In the mid-1980s, when I returned to western Kansas after a sixteen-year absence, I was shocked by the changes irrigation had brought to our once dry-land wheat farm. Many of the wheat fields and pastures of my childhood had been replaced by irrigated corn. The water that made this more lucrative, but very thirsty, crop possible came from the vast Ogallala Aquifer, which underlies western Kansas and portions of seven other states.
We hadn’t begun using the center pivot sprinklers that rotate through circles of corn, soybeans, and cotton on the High Plains today. We still flooded our fields out of eight-inch, gated pipes. As my father’s “floodman,” it was my job to go out to the fields each morning and evening and change the irrigation sets. When I opened the gates in the pipe, the water would gush out in beautiful arcs that I loved to slice my hand through. But I had come back to Kansas after living in the Mojave Desert, and living in the desert had sensitized me to the value of water. I couldn’t send that precious Ogallala water coursing down the furrows without feeling that I was participating in the demise of an aquifer that no one, including my own family and plains ancestors, could have survived there without.
I understood why my father and his neighbors had seized upon this new technology. With it they could water their fields at the touch of a switch on an irrigation engine, whereas before, they had been solely reliant on the whims of weather. But I couldn’t understand how they could watch water pour out of those pipes and not worry that the aquifer would dry out eventually. Scientists had been issuing warnings to this effect since 1901, when Willard D. Johnson, a government geologist sent to survey the High Plains, reported that, quote, “the withdrawal of an amount sufficient for irrigation would rapidly result in exhaustion of the stored supply.”
Today many farmers have run out of water. If withdrawals continue at current rates, most others will run out by the middle of this century. News reports quote some farmers as saying that when their parents or grandparents first tapped into the aquifer for irrigation, they thought that the water would last forever. If so, those irrigation pioneers did not avail themselves of the evidence that Johnson and virtually every geologist and hydrologist who came after him provided.

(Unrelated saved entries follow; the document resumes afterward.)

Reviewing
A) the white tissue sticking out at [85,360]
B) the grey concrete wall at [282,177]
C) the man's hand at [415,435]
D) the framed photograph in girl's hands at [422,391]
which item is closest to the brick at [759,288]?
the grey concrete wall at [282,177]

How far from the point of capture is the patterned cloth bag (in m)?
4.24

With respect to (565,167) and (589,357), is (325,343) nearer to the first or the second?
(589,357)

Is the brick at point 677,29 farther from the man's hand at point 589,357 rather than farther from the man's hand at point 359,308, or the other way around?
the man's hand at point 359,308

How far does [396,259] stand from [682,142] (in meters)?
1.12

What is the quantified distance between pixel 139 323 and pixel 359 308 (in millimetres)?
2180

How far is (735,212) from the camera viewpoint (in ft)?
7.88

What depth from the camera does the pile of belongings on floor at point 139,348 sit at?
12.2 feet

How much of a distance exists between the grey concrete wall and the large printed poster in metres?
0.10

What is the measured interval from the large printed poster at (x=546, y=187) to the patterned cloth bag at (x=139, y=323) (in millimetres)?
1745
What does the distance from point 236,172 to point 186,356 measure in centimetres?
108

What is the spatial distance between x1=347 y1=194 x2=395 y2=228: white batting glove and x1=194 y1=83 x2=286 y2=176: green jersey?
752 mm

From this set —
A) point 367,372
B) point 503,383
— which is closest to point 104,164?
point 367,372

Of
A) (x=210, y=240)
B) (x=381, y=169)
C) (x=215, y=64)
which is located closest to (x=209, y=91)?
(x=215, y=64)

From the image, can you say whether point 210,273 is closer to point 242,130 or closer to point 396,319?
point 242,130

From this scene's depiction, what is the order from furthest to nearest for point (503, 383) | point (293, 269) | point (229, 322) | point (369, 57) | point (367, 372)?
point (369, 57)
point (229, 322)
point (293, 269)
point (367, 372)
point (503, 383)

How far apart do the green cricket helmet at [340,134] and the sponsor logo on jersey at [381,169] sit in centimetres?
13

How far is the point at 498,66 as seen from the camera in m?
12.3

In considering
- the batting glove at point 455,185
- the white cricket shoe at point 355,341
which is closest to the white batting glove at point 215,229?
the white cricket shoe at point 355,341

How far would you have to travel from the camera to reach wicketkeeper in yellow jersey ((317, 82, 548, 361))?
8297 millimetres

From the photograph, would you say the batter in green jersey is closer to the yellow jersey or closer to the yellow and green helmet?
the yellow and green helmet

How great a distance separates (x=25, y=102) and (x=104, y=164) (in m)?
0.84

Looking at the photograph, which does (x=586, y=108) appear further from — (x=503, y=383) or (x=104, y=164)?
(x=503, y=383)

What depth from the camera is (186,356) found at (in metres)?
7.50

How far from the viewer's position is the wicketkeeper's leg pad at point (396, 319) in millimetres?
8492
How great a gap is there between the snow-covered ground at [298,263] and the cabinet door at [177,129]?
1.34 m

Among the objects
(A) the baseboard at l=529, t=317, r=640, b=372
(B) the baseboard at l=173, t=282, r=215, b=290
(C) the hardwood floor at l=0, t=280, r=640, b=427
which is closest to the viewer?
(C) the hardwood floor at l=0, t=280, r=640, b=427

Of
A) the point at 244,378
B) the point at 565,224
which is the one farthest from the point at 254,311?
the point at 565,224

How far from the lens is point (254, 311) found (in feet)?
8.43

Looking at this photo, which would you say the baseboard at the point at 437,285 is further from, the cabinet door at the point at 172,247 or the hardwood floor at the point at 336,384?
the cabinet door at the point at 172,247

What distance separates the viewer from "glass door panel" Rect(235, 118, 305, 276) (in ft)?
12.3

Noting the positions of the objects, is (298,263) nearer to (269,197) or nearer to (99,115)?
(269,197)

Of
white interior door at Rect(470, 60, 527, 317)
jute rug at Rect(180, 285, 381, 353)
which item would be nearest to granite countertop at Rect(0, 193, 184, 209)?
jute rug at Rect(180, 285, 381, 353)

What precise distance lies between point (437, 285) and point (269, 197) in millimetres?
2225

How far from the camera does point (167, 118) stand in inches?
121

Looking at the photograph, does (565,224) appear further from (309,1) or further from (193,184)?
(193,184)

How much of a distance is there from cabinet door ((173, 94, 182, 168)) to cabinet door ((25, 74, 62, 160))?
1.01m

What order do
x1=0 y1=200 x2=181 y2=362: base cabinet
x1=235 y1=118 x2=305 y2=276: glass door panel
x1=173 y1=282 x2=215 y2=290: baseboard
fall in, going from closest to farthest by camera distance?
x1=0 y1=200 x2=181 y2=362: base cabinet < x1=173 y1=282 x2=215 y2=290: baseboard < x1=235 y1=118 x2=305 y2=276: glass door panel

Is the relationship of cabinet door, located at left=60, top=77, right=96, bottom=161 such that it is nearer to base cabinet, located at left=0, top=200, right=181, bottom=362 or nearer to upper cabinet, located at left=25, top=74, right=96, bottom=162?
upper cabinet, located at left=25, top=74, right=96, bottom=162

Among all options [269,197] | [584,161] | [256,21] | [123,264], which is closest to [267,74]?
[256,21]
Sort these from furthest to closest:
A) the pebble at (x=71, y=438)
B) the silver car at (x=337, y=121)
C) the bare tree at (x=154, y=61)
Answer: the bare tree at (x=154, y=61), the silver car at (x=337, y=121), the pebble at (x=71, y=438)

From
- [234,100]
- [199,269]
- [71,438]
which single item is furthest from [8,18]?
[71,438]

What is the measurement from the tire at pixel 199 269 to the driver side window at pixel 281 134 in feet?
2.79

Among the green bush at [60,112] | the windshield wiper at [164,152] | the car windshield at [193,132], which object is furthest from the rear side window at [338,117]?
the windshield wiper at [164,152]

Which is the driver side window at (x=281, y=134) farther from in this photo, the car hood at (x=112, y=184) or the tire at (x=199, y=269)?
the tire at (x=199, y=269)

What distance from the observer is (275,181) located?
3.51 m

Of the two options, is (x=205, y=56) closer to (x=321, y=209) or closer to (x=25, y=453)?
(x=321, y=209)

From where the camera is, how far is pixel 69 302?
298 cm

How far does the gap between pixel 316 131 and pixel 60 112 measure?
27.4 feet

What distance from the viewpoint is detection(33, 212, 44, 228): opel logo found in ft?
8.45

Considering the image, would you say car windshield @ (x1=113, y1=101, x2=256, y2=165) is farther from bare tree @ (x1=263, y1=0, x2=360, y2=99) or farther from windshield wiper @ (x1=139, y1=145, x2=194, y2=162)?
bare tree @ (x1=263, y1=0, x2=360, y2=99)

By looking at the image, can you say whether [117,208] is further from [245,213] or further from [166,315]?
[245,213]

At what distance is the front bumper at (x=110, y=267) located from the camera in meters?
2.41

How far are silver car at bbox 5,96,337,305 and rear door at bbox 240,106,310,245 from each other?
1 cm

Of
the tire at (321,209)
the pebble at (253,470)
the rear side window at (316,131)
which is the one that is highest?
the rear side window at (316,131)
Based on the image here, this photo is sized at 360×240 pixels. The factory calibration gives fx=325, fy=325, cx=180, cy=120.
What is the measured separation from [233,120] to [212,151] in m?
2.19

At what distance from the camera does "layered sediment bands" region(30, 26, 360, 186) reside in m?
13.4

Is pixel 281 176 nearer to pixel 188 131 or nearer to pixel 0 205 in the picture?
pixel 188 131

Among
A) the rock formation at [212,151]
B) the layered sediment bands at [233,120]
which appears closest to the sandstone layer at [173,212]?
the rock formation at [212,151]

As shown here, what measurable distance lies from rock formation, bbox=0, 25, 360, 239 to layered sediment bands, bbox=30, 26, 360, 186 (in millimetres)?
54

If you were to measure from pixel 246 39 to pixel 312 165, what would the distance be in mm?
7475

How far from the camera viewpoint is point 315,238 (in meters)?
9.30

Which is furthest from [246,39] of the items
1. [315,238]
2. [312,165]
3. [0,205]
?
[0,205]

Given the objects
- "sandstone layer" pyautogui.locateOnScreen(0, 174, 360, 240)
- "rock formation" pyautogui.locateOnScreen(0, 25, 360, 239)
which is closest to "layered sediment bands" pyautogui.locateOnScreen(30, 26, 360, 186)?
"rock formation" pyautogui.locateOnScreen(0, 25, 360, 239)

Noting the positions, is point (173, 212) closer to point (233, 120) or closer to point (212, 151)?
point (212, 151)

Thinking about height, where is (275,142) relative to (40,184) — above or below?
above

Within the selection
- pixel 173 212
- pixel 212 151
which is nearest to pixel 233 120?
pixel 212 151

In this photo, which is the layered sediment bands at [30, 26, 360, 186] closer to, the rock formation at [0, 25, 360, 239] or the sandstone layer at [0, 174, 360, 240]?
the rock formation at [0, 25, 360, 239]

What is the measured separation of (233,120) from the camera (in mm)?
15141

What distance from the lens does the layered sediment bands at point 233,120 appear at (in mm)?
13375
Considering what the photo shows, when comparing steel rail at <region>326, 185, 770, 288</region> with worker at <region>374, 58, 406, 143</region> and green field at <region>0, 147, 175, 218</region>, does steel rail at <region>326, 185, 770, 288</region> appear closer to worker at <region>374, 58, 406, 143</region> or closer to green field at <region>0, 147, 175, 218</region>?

As children of the semi-arid plains, they must have known in their bones that any story of water that could last forever was a fairytale. But when it is expedient to do so, we humans have this tendency to ignore science and our own bone-deep knowledge. Eventually, and inevitably, problems that go unaddressed become too big to ignore. Our choice at that point is to throw up our hands and resign ourselves to the loss or finally, and at long last, resolve the problem. I hope that farmers and other plains citizens will choose to resolve rather than resignation and save what remains of the Ogallala Aquifer before it is too late.